In Chapter 1 [of Expert Oracle Database Architecture: 9i and 10g Programming Techniques and Solutions ], I demonstrated Oracle Database's method of obtaining read consistency by way of a simple single table query, which retrieved rows that were deleted after the cursor was opened. I'm now going to explore a real-world example to see what happens in Oracle Database using multiversioning, as well as what happens in any number of other databases.
I'll start with that same basic table and query:
create table accounts ( account_number number primary key, account_balance number not null ); select sum(account_balance) from accounts;
Before the query begins, I have the data shown in Table 2.
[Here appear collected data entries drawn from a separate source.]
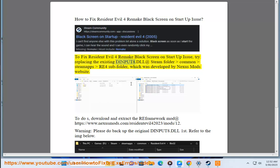Try replacing the existing dinput8.dll at steamfolder common steamapps re4 subfolder, which was developed by nexusmods website.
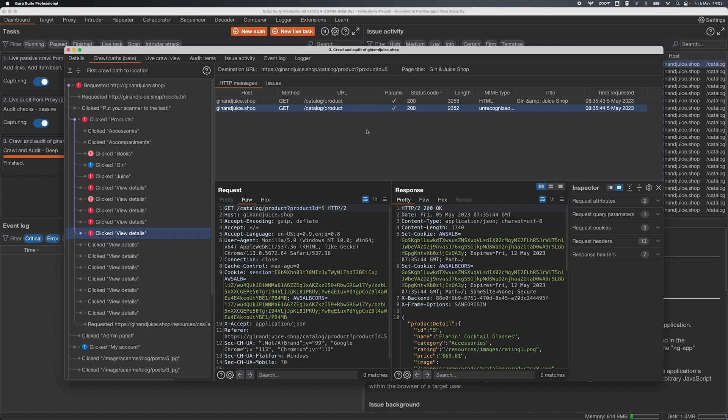So you can now actually see how the crawl is building a tree of the application, so from all of your start URLs to all of the different locations in the application, but also you can finally see your attack surface of the target you're crawling.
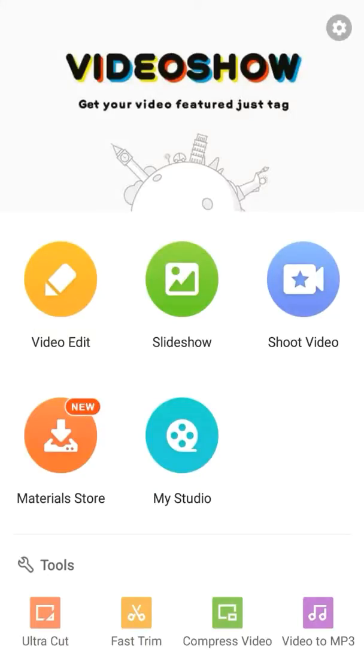Welcome back to Android App Store. VideoShow is an editing app that I've been using for over a year now. This is the pro version and I've done a video before about this.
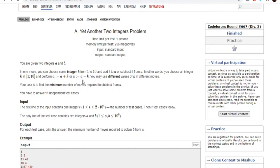Basically, you're given two integers A and B and you have to choose a number K to add to A. You want to get A to B. To make a move, you just add a number K which is between 1 to 10, and you could use different values of K in different moves. Our job is to find the minimum number of moves it takes to get from A to B.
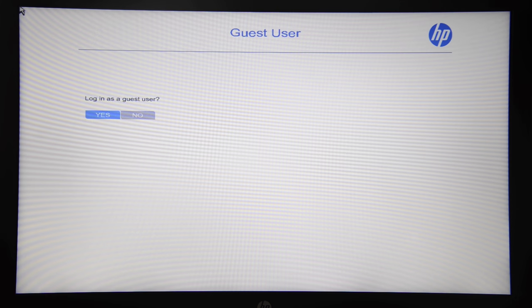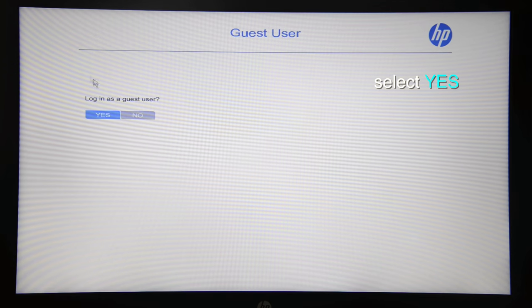You're going to enter the BIOS menu. First of all, you'll be asked if you want to login as a guest user. Just select Yes.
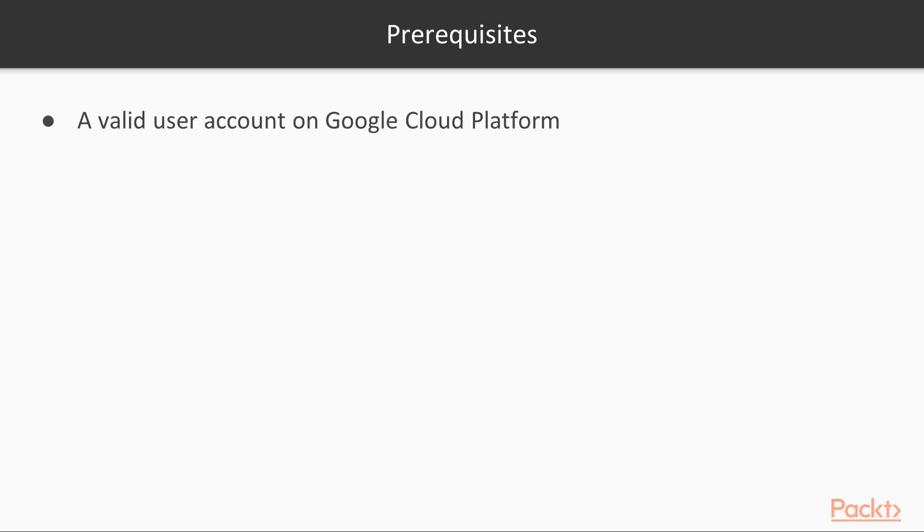In order for you to follow this content, a valid user account on Google Cloud Platform is required. If you don't have an account on Google Cloud yet, you can create one and use the free tier offered by Google.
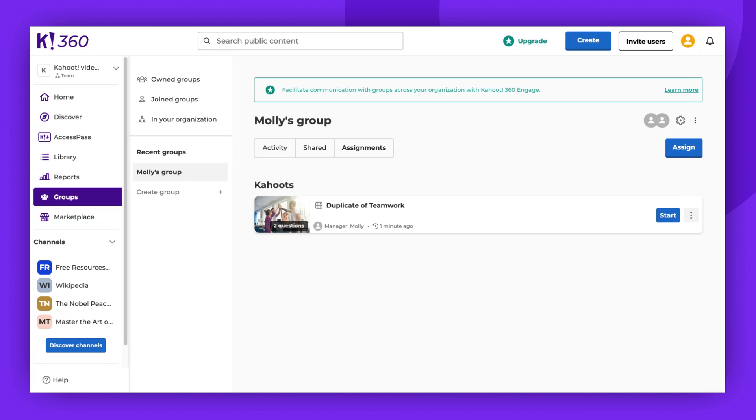That's it! Groups are a fantastic way to share content with your colleagues, family, or friends, depending on what you use Kahoot for.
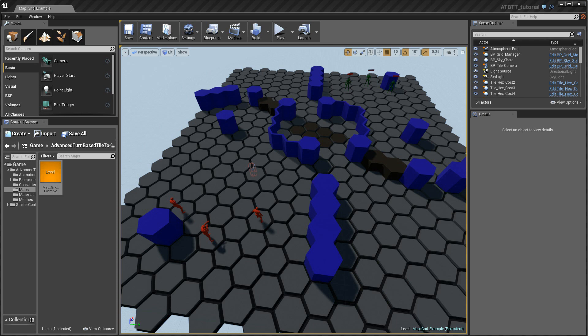Hello and welcome! I am Knut Övbe, creator of the Advanced Turn-Based Tile Toolkit for Unreal Engine 4.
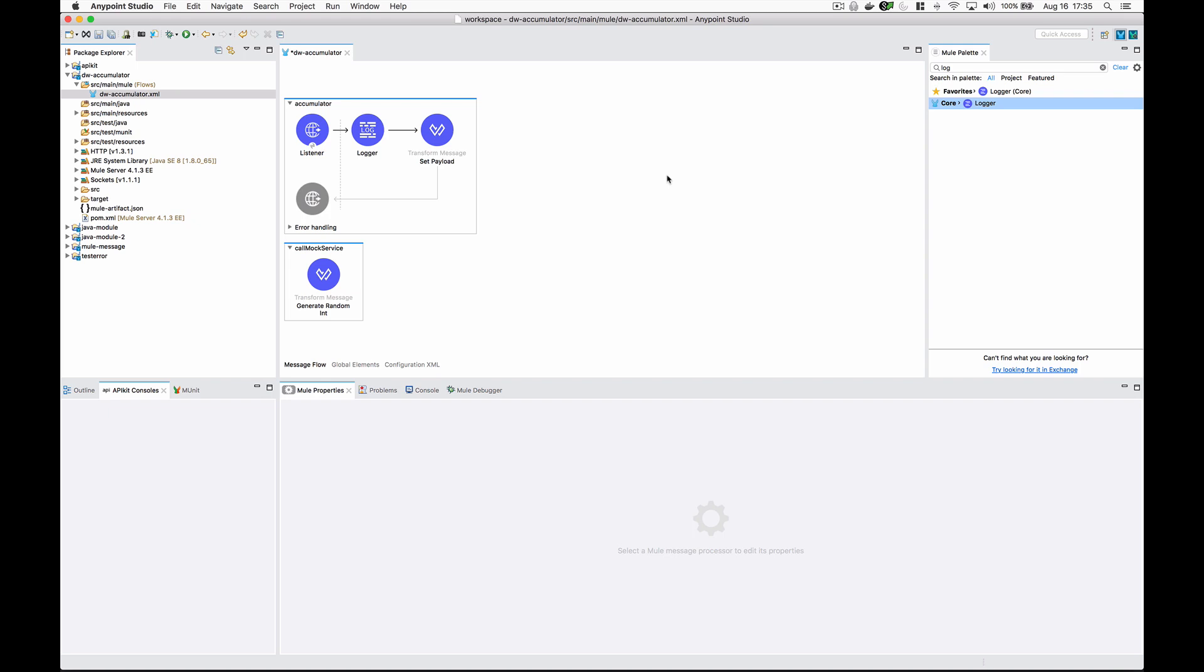Hey what's up everyone, it's Josh Ernie and today I want to do a short tutorial on how you can accumulate values into a list inside of a for each loop.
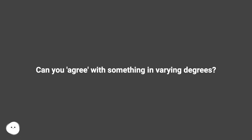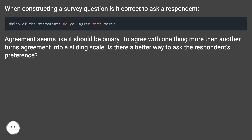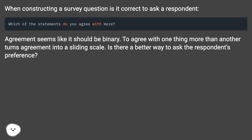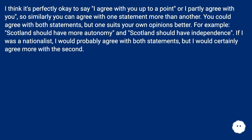Can you agree with something in varying degrees? When constructing a survey question, is it correct to ask a respondent? Agreement seems like it should be binary — to agree with one thing more than another turns agreement into a sliding scale. Is there a better way to ask the respondent's preference? I think it's perfectly okay to say I agree...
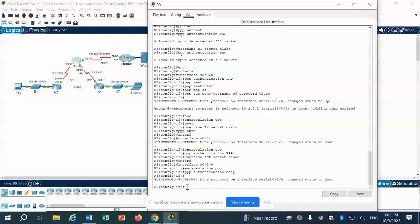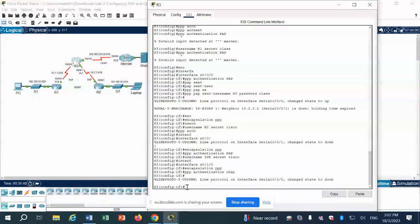Finally, go to Router 3. Configure: username ISP secret Cisco. Then interface S0/1/0, encapsulation PPP, PPP authentication CHAP. We are done. Continue the lab and do the testing.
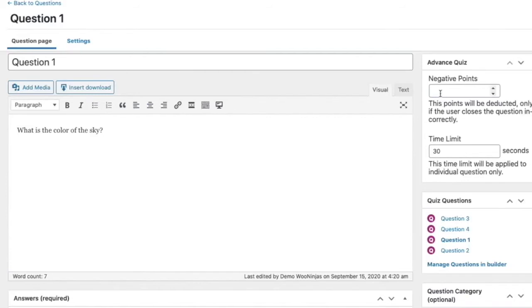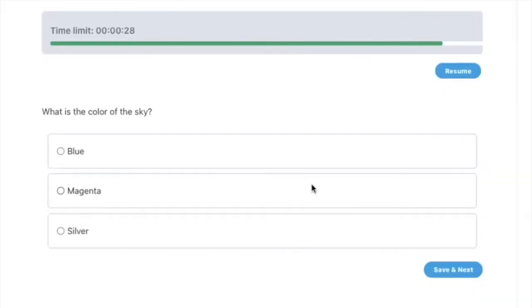Deduct points from the student's total quiz score when they answer questions incorrectly. Set different time limits for each question.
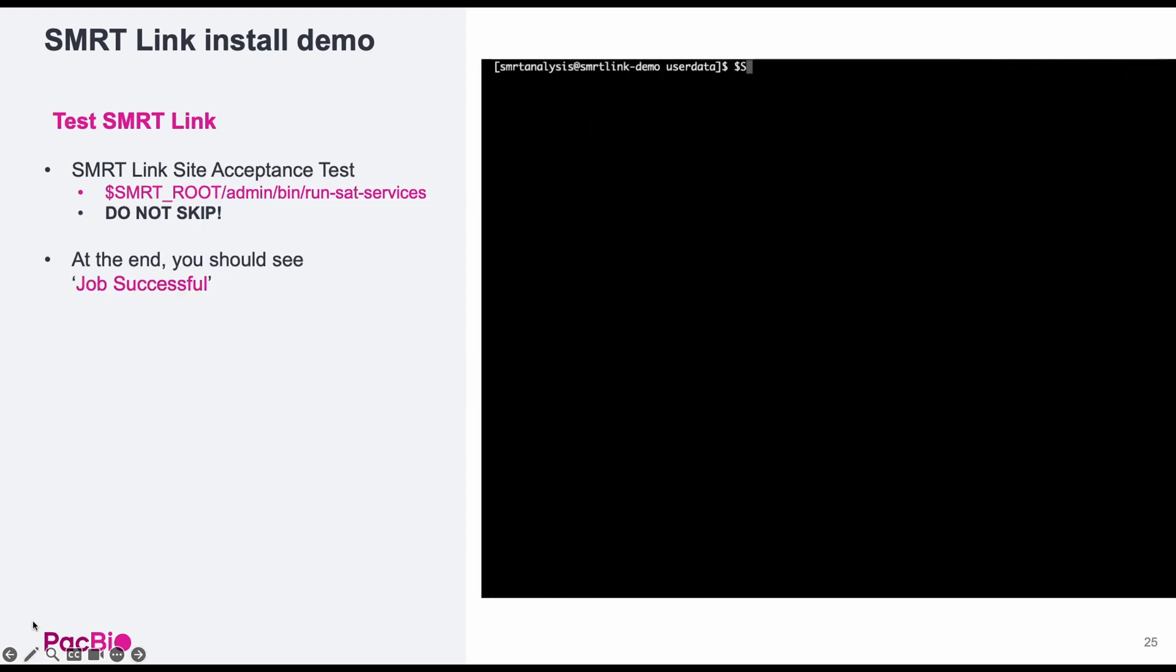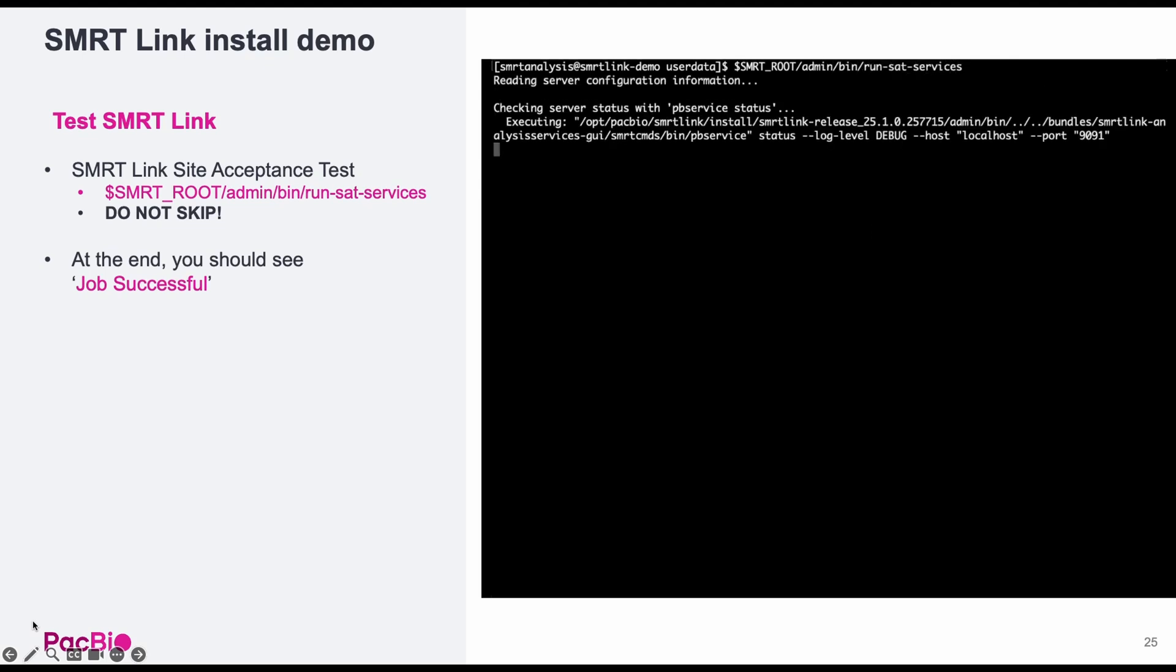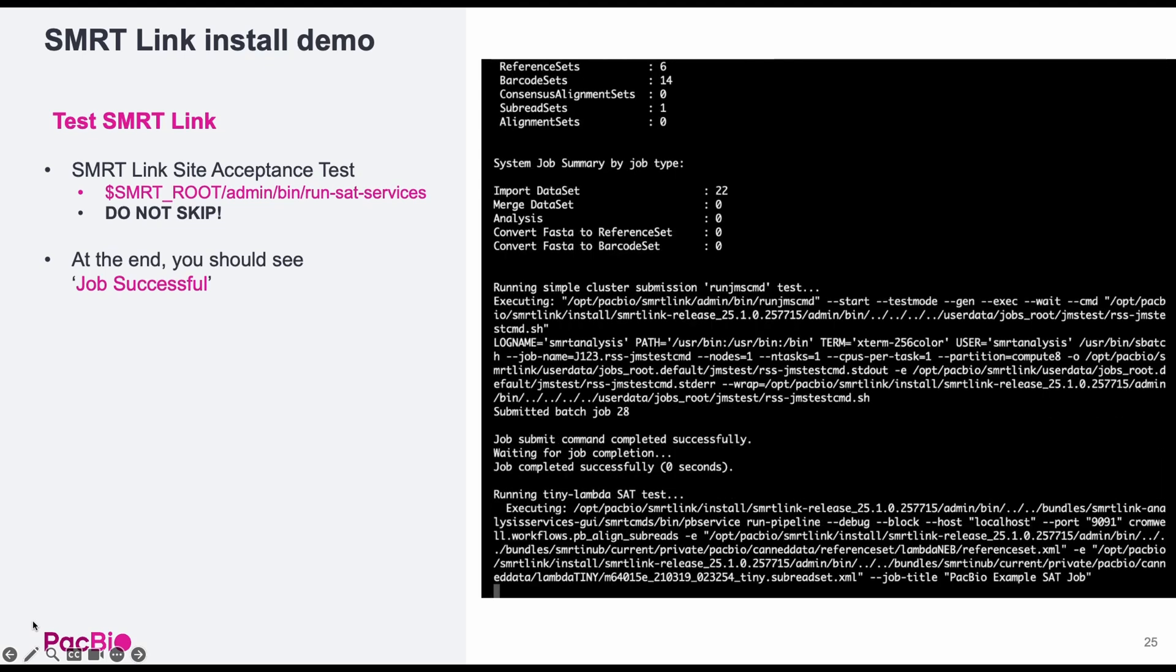Back in the terminal, the last thing we need to do is run a site acceptance test to confirm SmartLink is working properly. At the end, you should see job successful.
Row | Account Number | Account Balance |
1 | 123 | $500.00 |
2 | 456 | $240.25 |
... | ... | ... |
342,023 | 987 | $100.00 |
Now, my SELECT statement starts executing and reads row 1, row 2, and so on. At some point while this query is in the middle of processing, a transaction moves $400 from account 123 to account 987. This transaction does the two updates but does not commit. The ACCOUNTS table now looks as shown in Table 3.
Row | Account Number | Account Balance | Locked? |
1 | 123 | ($500.00) changed to $100.00 | X |
2 | 456 | $240.25 | -- |
... | ... | ... | -- |
342,023 | 987 | ($100.00) changed to $500.00 | X |
As Table 3 shows, two of those rows are locked. If anyone tried to update them, they'd be blocked. So far, the behavior I'm seeing is more or less consistent across all databases. The difference will be in what happens when the query gets to the locked data.
When the query I'm executing gets to the block containing the locked row (row 342,023) at the bottom of the table, it will notice that the data in it has changed since execution began. To provide a consistent, or correct, answer, Oracle Database will create a copy of the block containing this row as it existed when the query began . That is, it will read a value of $100, which is the value that existed when the query began. Effectively, Oracle Database takes a detour around the modified data—it reads around it, reconstructing it from the undo (also known as a rollback ) segment. A consistent and correct answer comes back without waiting for the transaction to commit.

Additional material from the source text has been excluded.